Prep 10 mins
Cook 45 mins
Both kids and adults love this dish! In summer, serve with buttery biscuits or cornbread and vegetables, in winter with gingerbread.
- 1 chicken, in pieces or 4 boneless skinless chicken breasts
- 1⁄2 cup flour
- 2 tablespoons powdered ginger
- 1⁄2 teaspoon salt
- 1⁄4 teaspoon pepper
- 2 tablespoons butter, melted
- 1 tablespoon vegetable oil
- 3 tablespoons sherry wine
- 1 can peach halves in syrup
- 1 green onion, chopped
- Preheat oven to 350 degrees.
- Rinse off the chicken pieces under running water, and pat dry with paper towels.
- In a large Ziploc bag combine the flour, salt, pepper, and powdered ginger.
- Add 2 pieces of chicken or chicken breasts to the bag and shake to cover with flour mixture; remove pieces and repeat with remaining chicken until all pieces are dusted with flour mixture.
- Put melted butter and oil in a large baking dish, turning dish to coat the bottom surface.
- Places chicken pieces or breasts in a single layer in the baking dish; sprinkle with sherry.
- Bake covered at 350 degrees for 20 minutes; uncover and turn the chicken.
- Leave uncovered and bake another 10 minutes, then place the peach halves on the chicken, sprinkle with chopped green onion, and return the dish to the oven.
- Continue baking uncovered until the chicken is done and the peaches are hot, about 10 to 15 minutes.

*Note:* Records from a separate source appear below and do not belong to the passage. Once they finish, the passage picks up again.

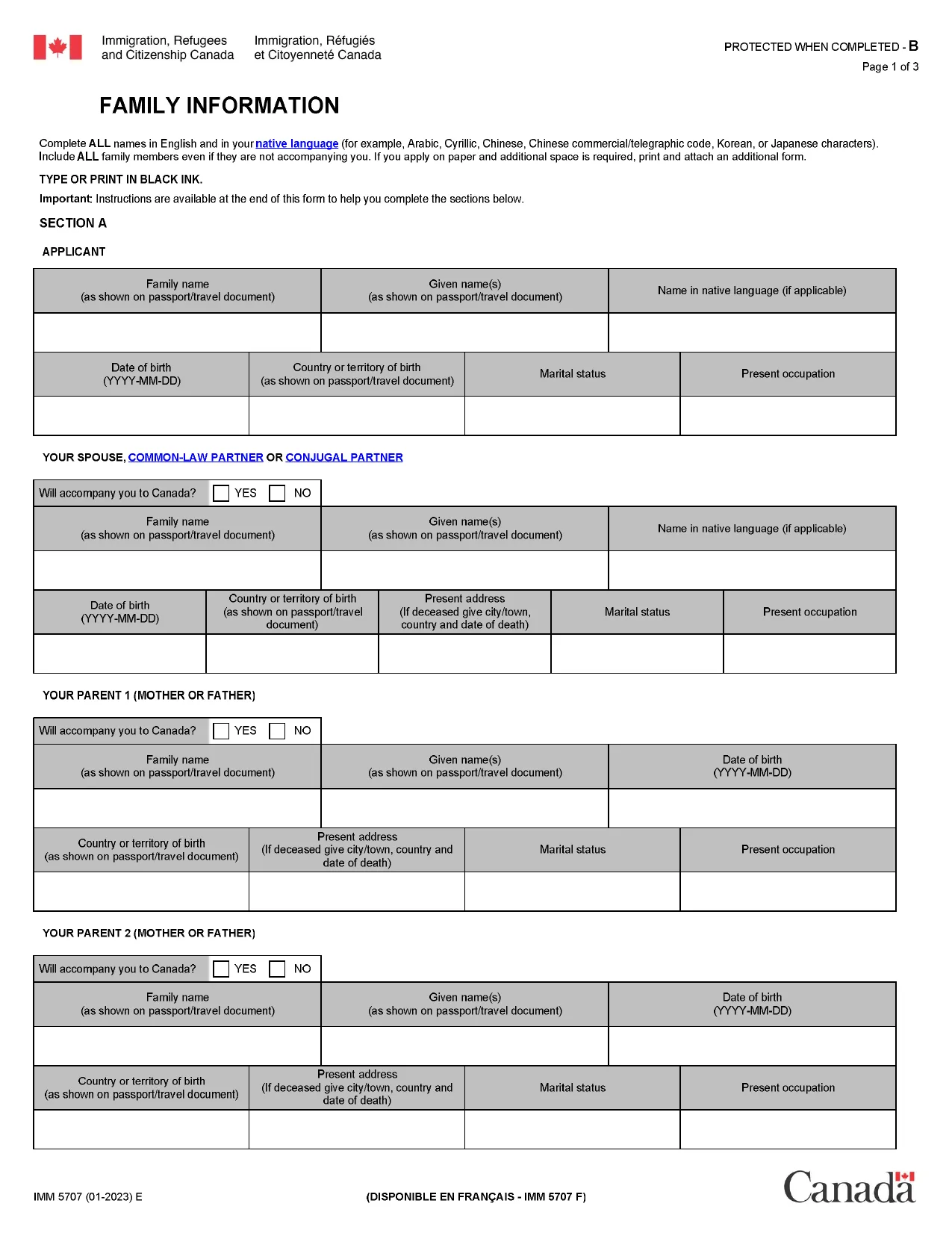 IMM 5707 Family Information Form - Fill, Edit Online, Download & Print - No Signup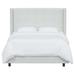 Joss & Main Hanson Upholstered Low Profile Standard Bed Metal in White/Black | 56 H x 61 W x 80 D in | Wayfair 909F94A8B3B64FA99713E033FF9BC81D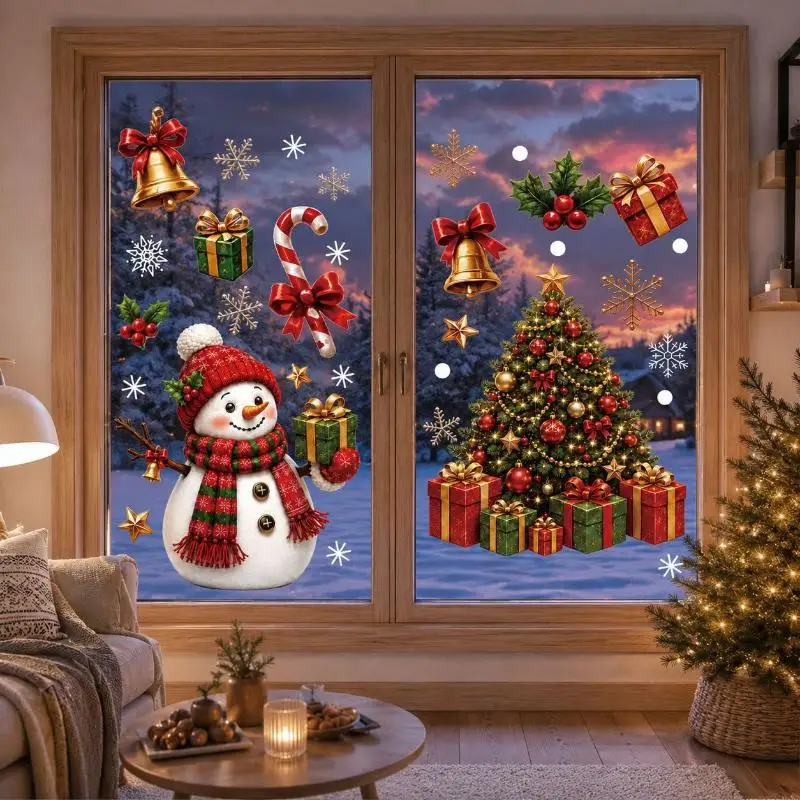 [36Pcs Christmas Window Clings 2 Sheets Reusable Static PVC for Home Shop Holiday Party Ornament]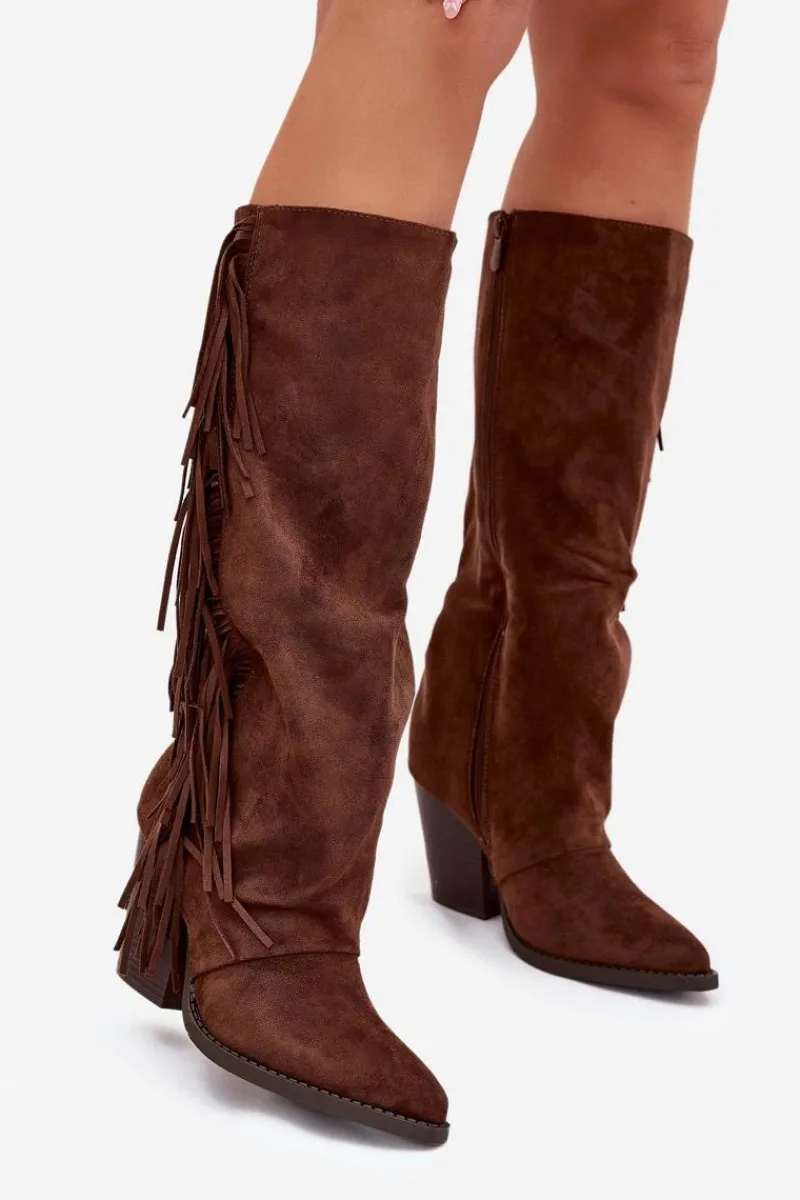 Outlet Boto Kozaki Kowbojki Damskie Z Frędzlami Na Słupku Brązowe Tivara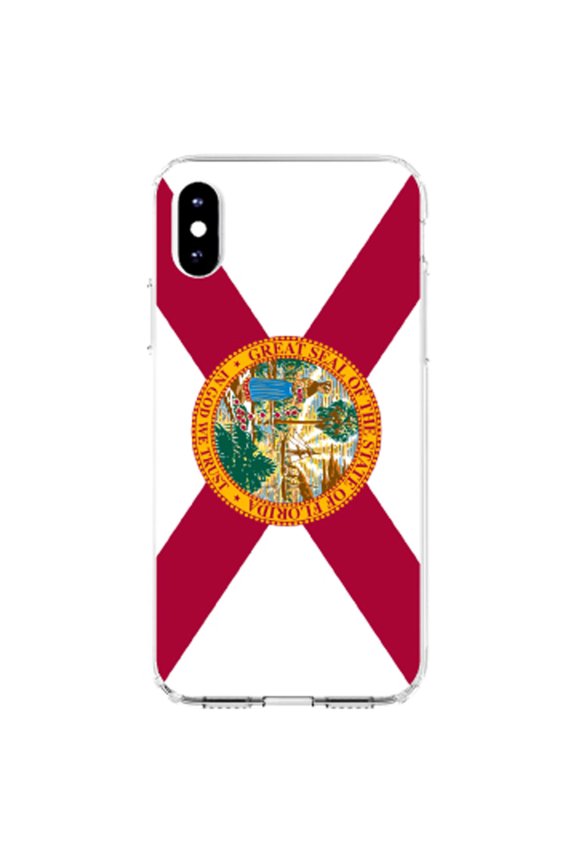 Clear Shockproof Hybrid Case for iPhone X / XS (5.8" Screen) - TPU Bumper, Acrylic Back, Tempered Glass Screen Protector - Florida State Flag - US State Flag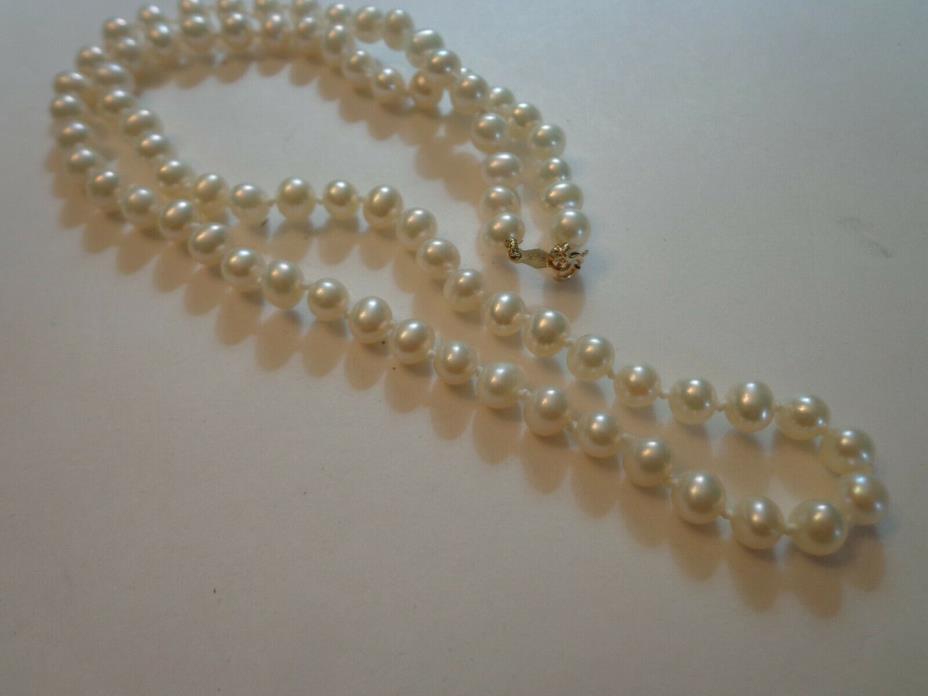 VTG CULTURED PEARL KNOTTED 5MM NECKLACE 18 IN 585 OR 14KT GOLD CLASP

Very easy dish to prepare. However, it was lacking in taste. May I suggest reserving the peach juice/syrup, adding some soy sauce. Heat this on the stove and add the peaches (chopped). When the recipe calls for the peaches to be added to the chicken, pour the "sauce" you have created over the chicken and finish baking. Place the chicken and peaches over cooked rice.